The students from “the other half” are loud, sarcastic and rude. Even worse, they are confrontational. Today I was very close to throwing a boy out of class (the one I asked about) because his basic form of response involved slurping noises and raspberries and putting on a show for his friends. He was also disguising his poor English level with sarcasm and back talk (in Japanese, of course). Normally I ignore those kids, unless they drag others along, but today, when I’m explaining the class rules, I give the bad boys the attention they crave.

Some of this trouble is caused because the classes are arranged, roughly, by club, with baseball boys tending to be in the same class and soccer boys in another class. This means the classes have different moods and the bad boys have a lot of friends around to act as an audience

The other part of the problem is that only a month ago the students were still in junior high and couldn’t fail and couldn’t be thrown out of class. (Well, they can, but it’s complicated and involves other teachers. Long story.) They are still of the belief that there’s not much I can do to them.

They are wrong.

First, they can fail. At least two students were held back in 10th grade last year. One dropped out/moved on, the other chose to repeat the grade. Another student failed on attendance but managed to get himself promoted to 12th grade, albeit with lots of complicated caveats.

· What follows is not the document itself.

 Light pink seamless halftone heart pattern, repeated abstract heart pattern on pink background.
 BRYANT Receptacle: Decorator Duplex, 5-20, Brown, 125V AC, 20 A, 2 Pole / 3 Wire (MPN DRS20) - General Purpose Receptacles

I can also give them lots of extra work (much of which I will mark as received but never actually read)

The students have also forgotten that my class is last period. I have all the time I need. (My record for keeping an entire class late is 25 minutes.)

At the end of class, after explaining the stick, I threw them a carrot and let them relax for the last five minutes. The bad boy asked why I hadn’t done that sooner. I told him it was because I’d had to spend so much time trying to get him to shut up. If he’d been quiet, they would have been able to relax sooner.

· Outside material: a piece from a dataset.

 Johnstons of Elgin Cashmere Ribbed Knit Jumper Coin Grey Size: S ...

There Can Be Only One And One There Is

Sigh. Apparently I’m too good at being scary and that means I have a lot of work to do in the next few days.

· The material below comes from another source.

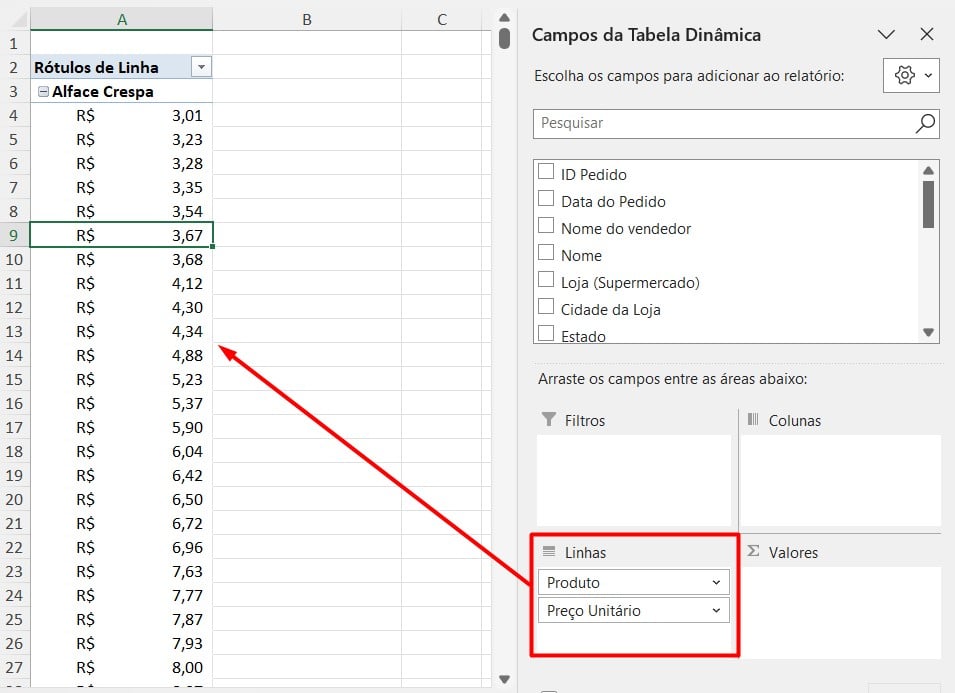 Classificação Automática na Tabela Dinâmica no Excel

A few days ago I wrote about he sales pitch I had to make for my third year high school class elective. I mentioned how we had to temper our pitch to chase out the wrong types but keep enough of the right types to have a viable class.

I didn’t temper very well, apparently as only one student signed up.

This means I have to do a lot of rethinking and revising by Monday. My class was based around acting techniques and acting exercises and it works best with a lot of people. With one it will be possible to do a monologue but extremely difficult to do a dialogue. It will also make the entire second term impossible as my students do a staged reading of one three person play and then write another as their final project.

The other problem is that even when I do have a few good ideas, it doesn’t take that much time for one person to finish the activity and leave me with lots of time to fill. (I had the opposite problem when the course jumped from six students to 14 a few years ago.)

Oddly, this phenomenon affected my other colleagues as well. Another teacher got only one student; a second teacher got only five; and a third got 15 for a class about music. This is a huge surprise as the teacher is actually likable and music classes usually attract almost twice that number of students. There wasn’t much love for the foreign staff this year as we gathered only 22 students between us.

I have a few ideas about what to do and I suspect a lot of videos and discussions of acting decisions will be involved. (I’m imagining watching scenes of the different Jokers from the Batman movies and talking about the differences.)

At least I’ll only have two exams to mark this year. I’ll just have a lot of work before that.